BürgerEnergieGenossenschaft Ruhr-West eG - PV-mieten

Stichworte: Anlagencontracting, PV-Anlagenvermietung, Direktverbrauch, PV-mieten

Die Bürgerenergiegenossenschaft Ruhr-West (BEG RW) hat sich zum Ziel gesetzt, strukturiert das Thema Energie-Contracting voranzubringen. Bei der Wahl zwischen Maßnahmen zur sparsamen Nutzung von Strom und Wärme und der Errichtung von Erneuerbaren Energien Anlagen setzt die Bürgerenergiegenossenschaft derzeit auf PV und hier auf Anlagencontracting. Mit Veranstaltungen und Broschüren wirbt die BEG für ihre Projekte.

Mit Gründung der Bürgerenergiegenossenschaft Ruhr-West (BEG RW) im Januar 2016 wurde das Geschäftsfeld Energie-Contracting wie folgt definiert: Errichtung von Anlagen zur Versorgung mit erneuerbaren Energien sowie Durchführung von Maßnahmen zur sparsamen Nutzung von Strom und Wärme in Gebäuden und Quartieren aus einer Hand (Energieeffizienz, Contracting, Anlagen- Contracting).

Umfangreiche Recherchen sowie die Suche nach Projekten führten schnell zu der Erkenntnis, dass sich die Errichtung und der Betrieb von PV-Anlagen auf den Dächern geeigneter Objekte im Gegensatz zu anderen Möglichkeiten des Energie-Contractings besser wirtschaftlich darstellen lässt.

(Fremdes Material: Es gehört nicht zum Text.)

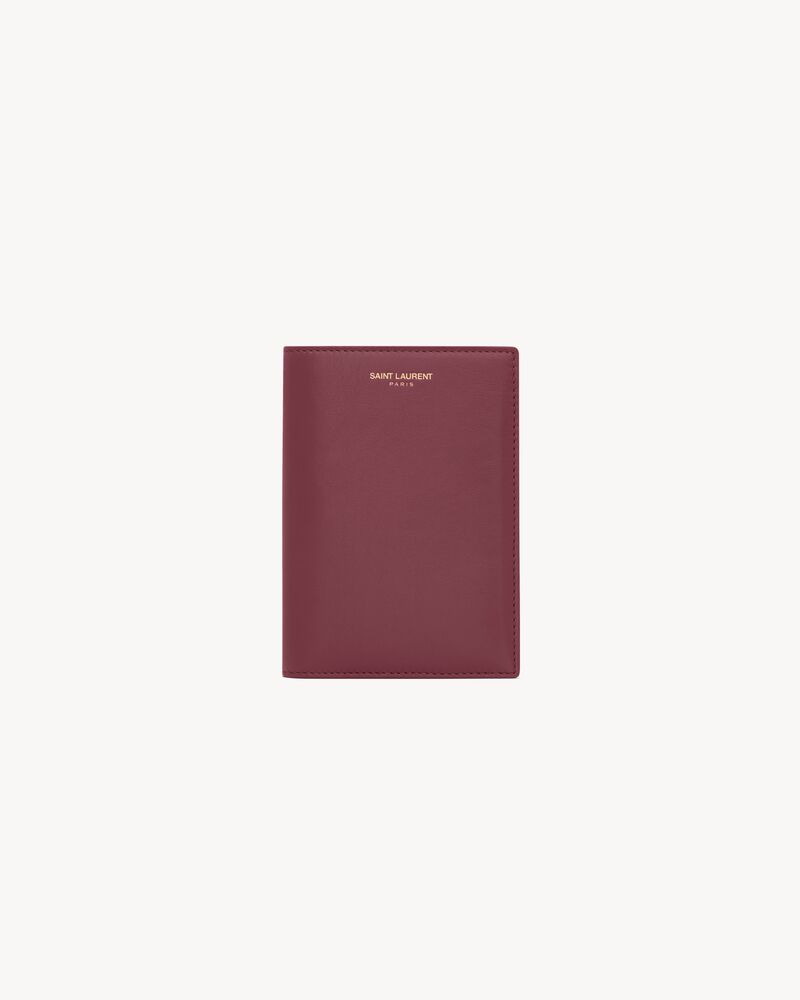 SAINT LAURENT PARIS PASSPORT CASE IN shiny leather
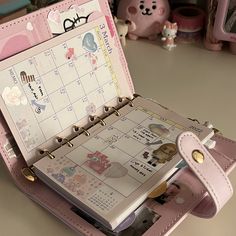 an open pink planner book sitting on top of a table next to a stuffed animal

Schnell kamen auch Anfragen bezüglich derartiger Projekte, die von der BEG RW aufgegriffen wurden. So begann die BEG RW, die Konzeptionen parallel an verschiedenen Objekten zu entwickeln. Vom Ansatz her ergeben sich drei verschiedene Realisierungstypen:

  • Die Errichtung von PV-Anlagen und Volleinspeisung.
  • Die Errichtung von PV-Anlagen und ihre Vermietung für den Eigenverbrauch des erzeugten PV-Stroms
  • Die Errichtung von PV-Anlagen auf den Dächern von Wohngebäuden und Nutzung des PV-Stroms nach dem Mieterstrommodell.

Die ersten Projekte, denen die Genossenschaft nachging, betrafen ausschließlich den Ansatz der Anlagenvermietung: Die BEG finanziert und errichtet eine PV-Anlage und vermietet diese an den Besitzer des Objekts und gewährleistet den Betrieb der Anlage. Der Mieter spart den Gegenwert des von ihm verbrauchten PV-Stroms und erhält die Einspeisevergütung für den nicht verbrauchten PV-Strom. Allerdings muss der Betreiber für den Eigenverbrauch die fällige EEG-Umlage in Höhe von 40 Prozent des jeweils geltenden Satzes der EEG-Umlage entrichten. Dafür bezahlt er die Anlagenmiete an die BEG RW, deren Höhe an der Ersparnis durch den Eigenverbrauch und den Einnahmen durch die Netzeinspeisung ausgerichtet ist. Die BEG RW erhält die Anlagenmiete und übernimmt im Gegenzug auch die Kosten für Wartung, Versicherung und Betrieb der Anlage. Für den Anlagenmieter ergibt sich somit ein "Rundum Sorglospaket".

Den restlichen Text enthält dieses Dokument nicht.